═════ Extracted material ═════
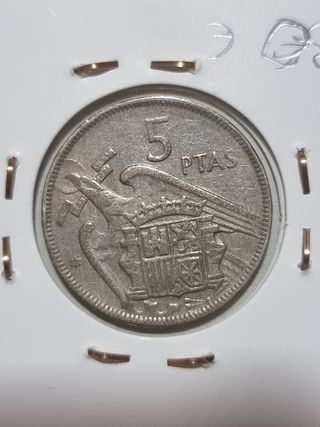 Moneda 5 pts Franco 1957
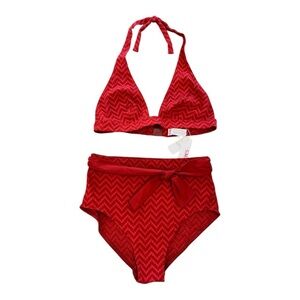 ERES Zigzag-Pattern Triangle Bikini Top - High Waist Brief - Ginger Brown NWT
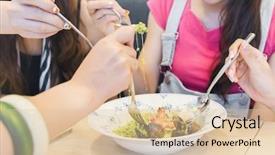  Presentation with lunch - Slides having sharing meal - asian woman share her lunch background and a  colored foreground
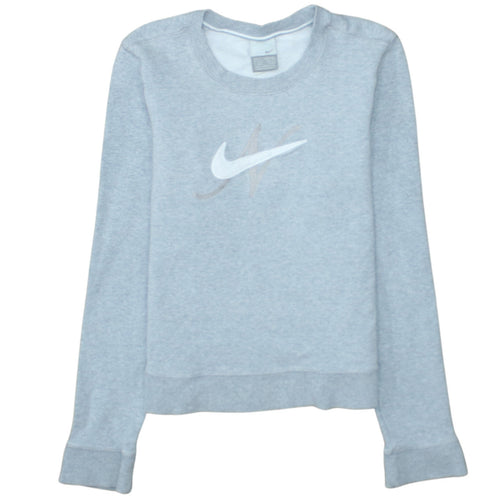Nike Womens Grey Long Sleeve Crew Neck Pullover Sweatshirt Size M
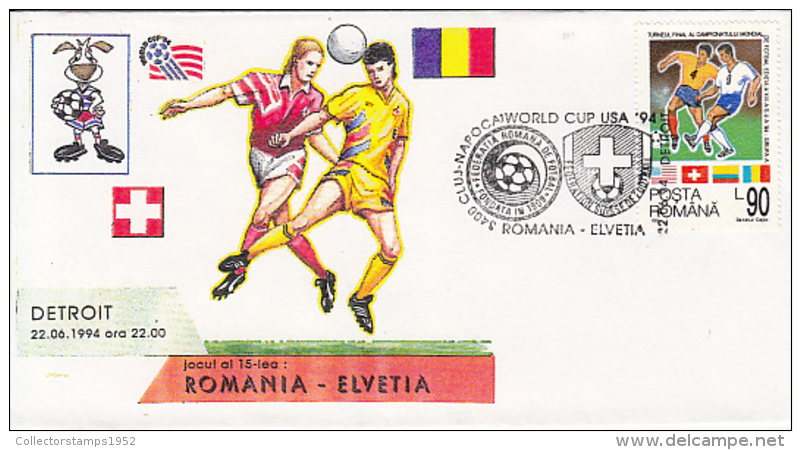 70458- USA'94 SOCCER WORLD CUP, ROMANIA-SWITZERLAND GAME, SPECIAL COVER, 1994, ROMANIA - 1994 – USA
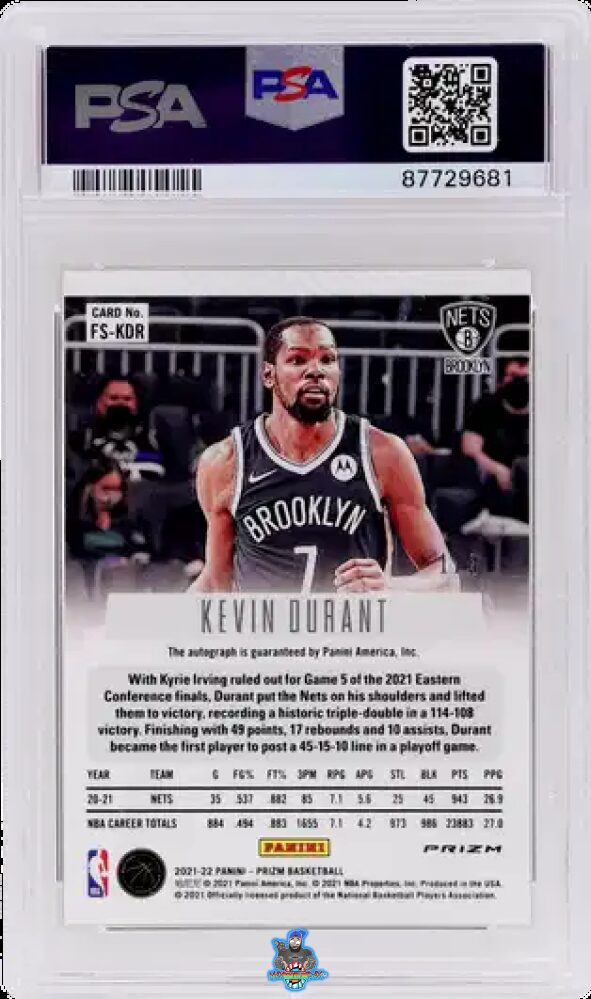 Back of 2021 Panini Prizm Flashback Signature Premium Set Gold Prizm Kevin Durant #1 /3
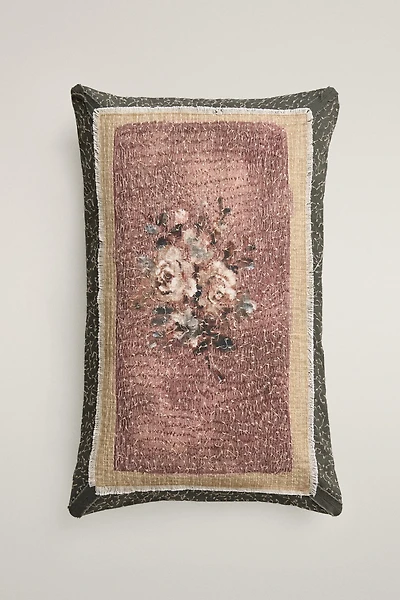 FLORAL APPLIQUE THROW PILLOW COVER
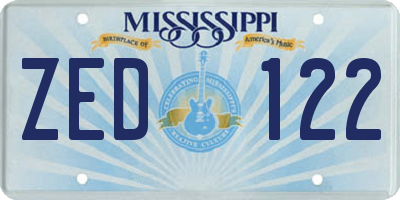 MS license plate ZED122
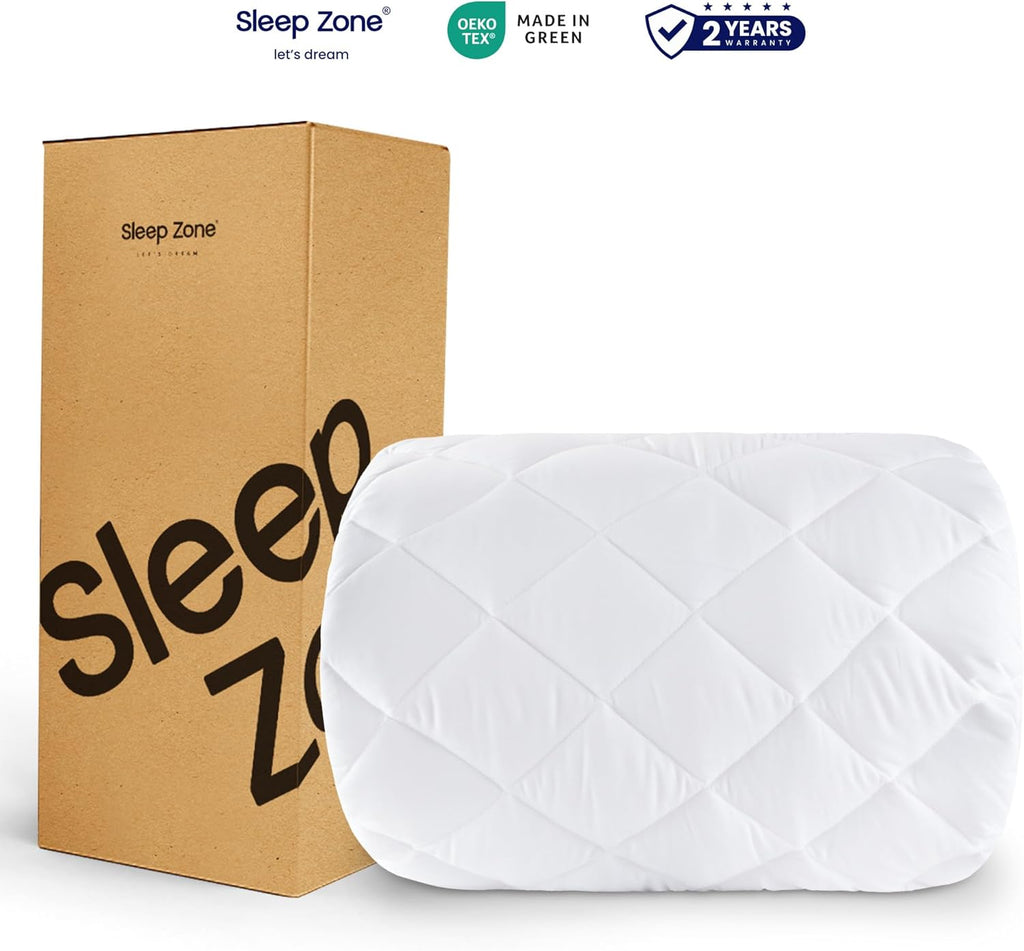 Sleep Zone Mattress Cover - Queen Size Quilted Fitted Protector | Deep Pocket Up to 21 Inches, Breathable White Topper (60x80)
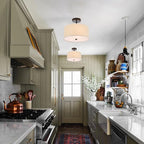 Semi Flush Mount Ceiling Light, 3-Light Black Modern Drum Ceiling Light Fixture with Linen Fabric Shade, Farmhouse Close to Ceiling Lamps for Bedroom Kitchen Living Room Hallway Entryway Closet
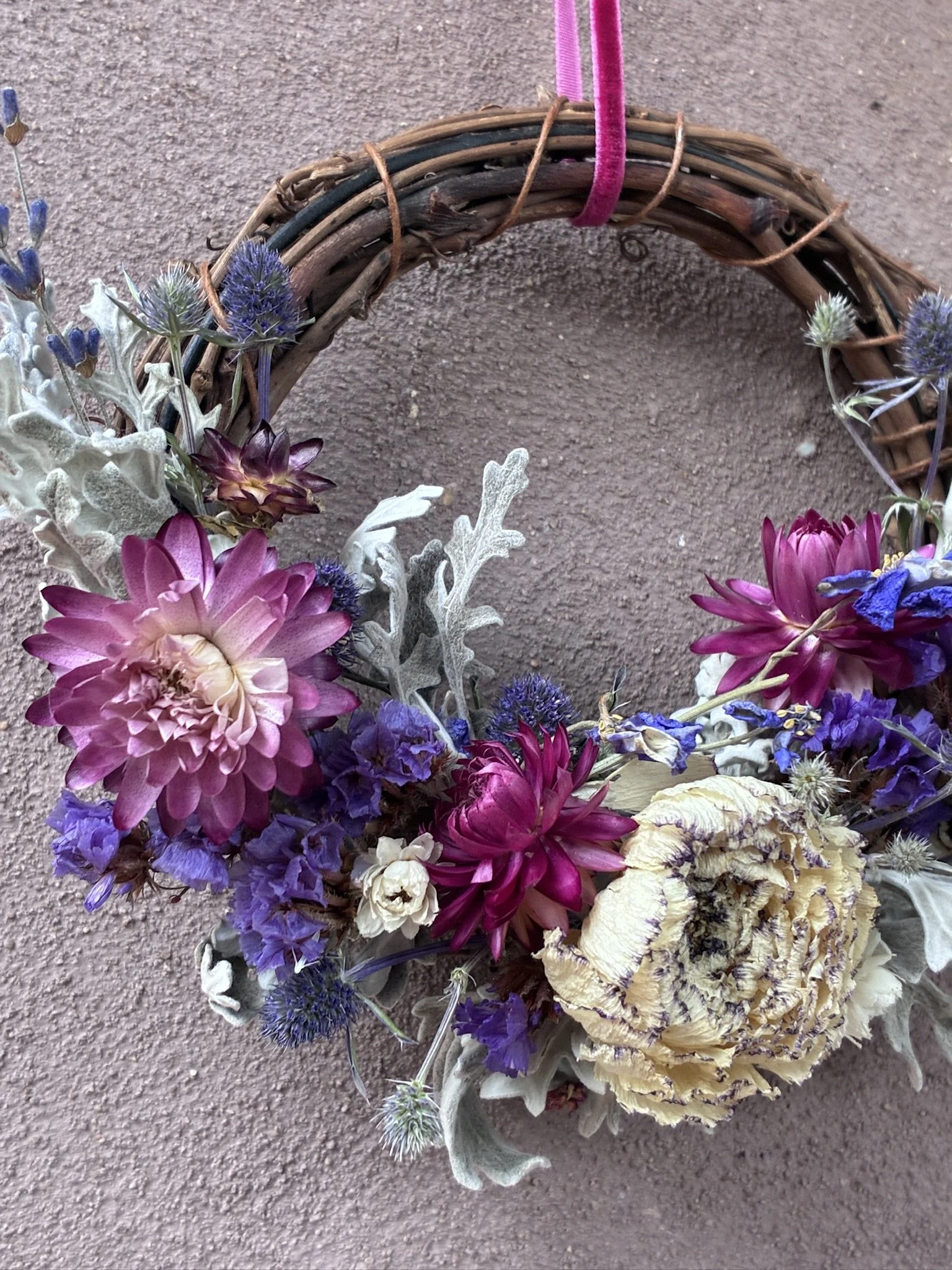 Purple Mini Everlasting Wreath 5"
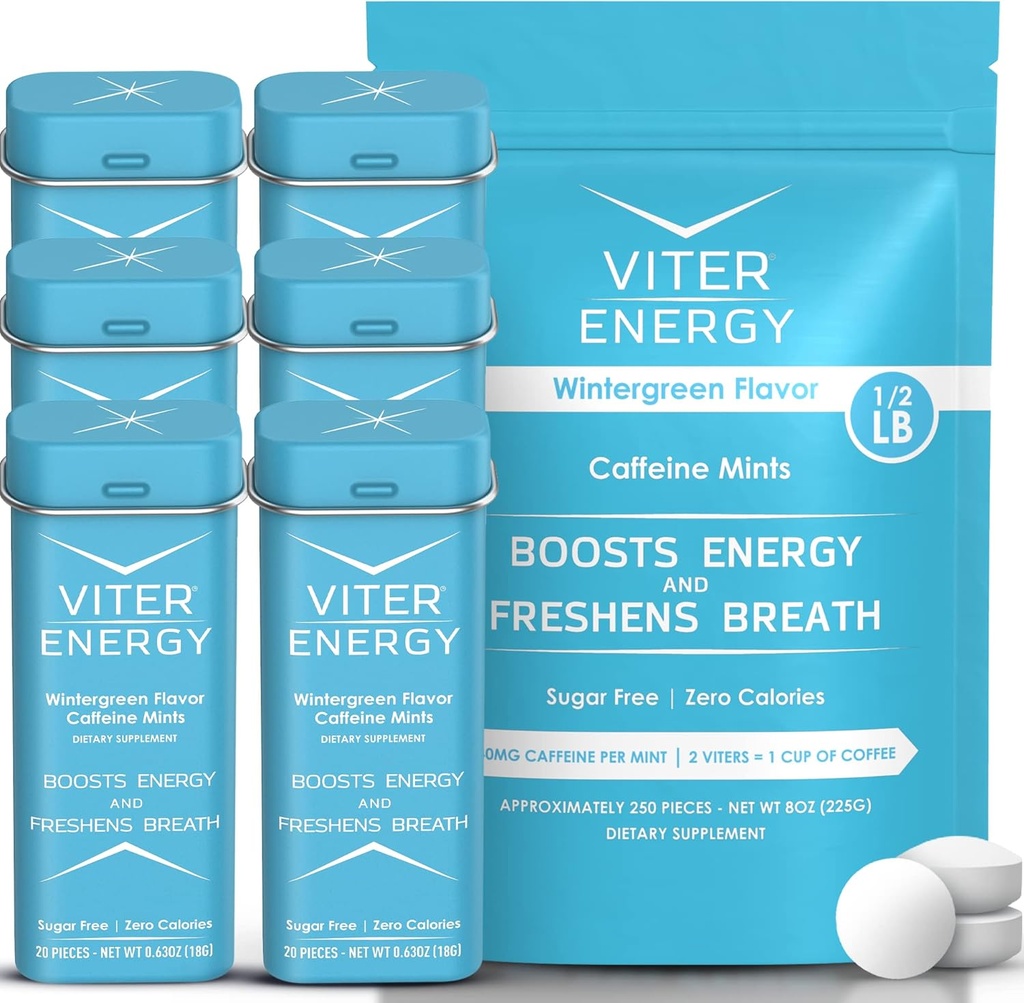 Viter Energy Original Caffeine Mints Wintergreen Flavor 6 Pack ו 1/2 פאונד Bulk Bagdle - 40mg Caffeine, B ויטמינים, סוכר חינם, טבעוני, Powerful Energy Booster for Focus and alertnessnessness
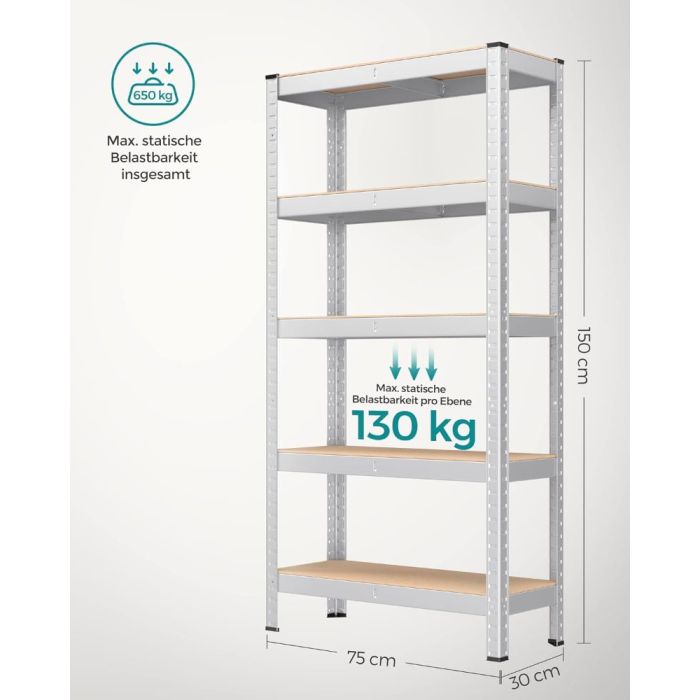 SONGMICS Regal 30 x 75 x 150 cm rjavo-srebrn,-GLR030E01 SONGMICS Regal 30 x 75 x 150 cm rjavo-srebrn,-GLR030E01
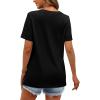 imageXIEERDUO Womens Summer Tops Short Sleeve Shirts Trendy V Neck T Shirts for Women Casual TopsAll Black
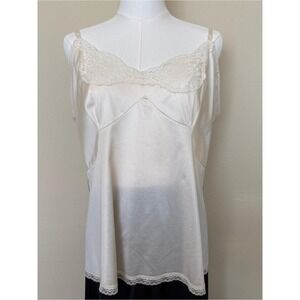 Vintage Ivory Satin Lace Camisole XL Lingerie Top Romantic Cottagecore Slip Tank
═════
From the line containing "MS license plate ZED122" down to the last line of the data, print every line exactly and nothing else. Pictures stay out of the copy.

 MS license plate ZED122
 Sleep Zone Mattress Cover - Queen Size Quilted Fitted Protector | Deep Pocket Up to 21 Inches, Breathable White Topper (60x80)
 Semi Flush Mount Ceiling Light, 3-Light Black Modern Drum Ceiling Light Fixture with Linen Fabric Shade, Farmhouse Close to Ceiling Lamps for Bedroom Kitchen Living Room Hallway Entryway Closet
 Purple Mini Everlasting Wreath 5"
 Viter Energy Original Caffeine Mints Wintergreen Flavor 6 Pack ו 1/2 פאונד Bulk Bagdle - 40mg Caffeine, B ויטמינים, סוכר חינם, טבעוני, Powerful Energy Booster for Focus and alertnessnessness
 SONGMICS Regal 30 x 75 x 150 cm rjavo-srebrn,-GLR030E01 SONGMICS Regal 30 x 75 x 150 cm rjavo-srebrn,-GLR030E01
 imageXIEERDUO Womens Summer Tops Short Sleeve Shirts Trendy V Neck T Shirts for Women Casual TopsAll Black
 Vintage Ivory Satin Lace Camisole XL Lingerie Top Romantic Cottagecore Slip Tank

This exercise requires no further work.